# Terrific Tarmarisk from Bangleguy



## phinds (Dec 31, 2012)

Eric and I did a trade recently and he then sent along a couple of really nice little pieces of tamarisk for my site, which was great since I had none of my own. pics:

[attachment=15532]
[attachment=15533]

[attachment=15534]
[attachment=15535]


----------



## barry richardson (Dec 31, 2012)

Cool, the color is somewhat atypical based on my experience, dont think I've ever seen any that is pink like that, at least in these parts, is it green?


----------



## phinds (Dec 31, 2012)

barry richardson said:


> Cool, the color is somewhat atypical based on my experience, dont think I've ever seen any that is pink like that, at least in these parts, is it green?

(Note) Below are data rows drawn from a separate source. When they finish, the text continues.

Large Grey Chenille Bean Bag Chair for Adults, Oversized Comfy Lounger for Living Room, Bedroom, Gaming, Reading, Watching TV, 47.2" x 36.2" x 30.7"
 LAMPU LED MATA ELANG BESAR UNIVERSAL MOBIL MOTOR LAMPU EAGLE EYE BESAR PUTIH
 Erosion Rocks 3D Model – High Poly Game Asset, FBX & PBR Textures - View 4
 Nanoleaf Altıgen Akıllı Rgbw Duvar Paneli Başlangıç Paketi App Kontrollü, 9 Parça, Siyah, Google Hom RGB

Good question. Seemed seasoned to me, but on the other hand I think Eric said it's recently cut.

ERIC ... ???


----------



## BangleGuy (Jan 1, 2013)

Hey Paul, great pics of the Tamarisk. This was cut from a dead standing tree that was about 16" in diameter. Based on the MC, I would guess that it had not been dead for more than a year or so... but I cannot say.


----------



## phinds (Jan 1, 2013)

Thanks Eric. Based on the other pics I have of tamarisk, the pink seems quite reasonable


----------



## The Wood Bucket (Jan 2, 2013)

Great color and grain


----------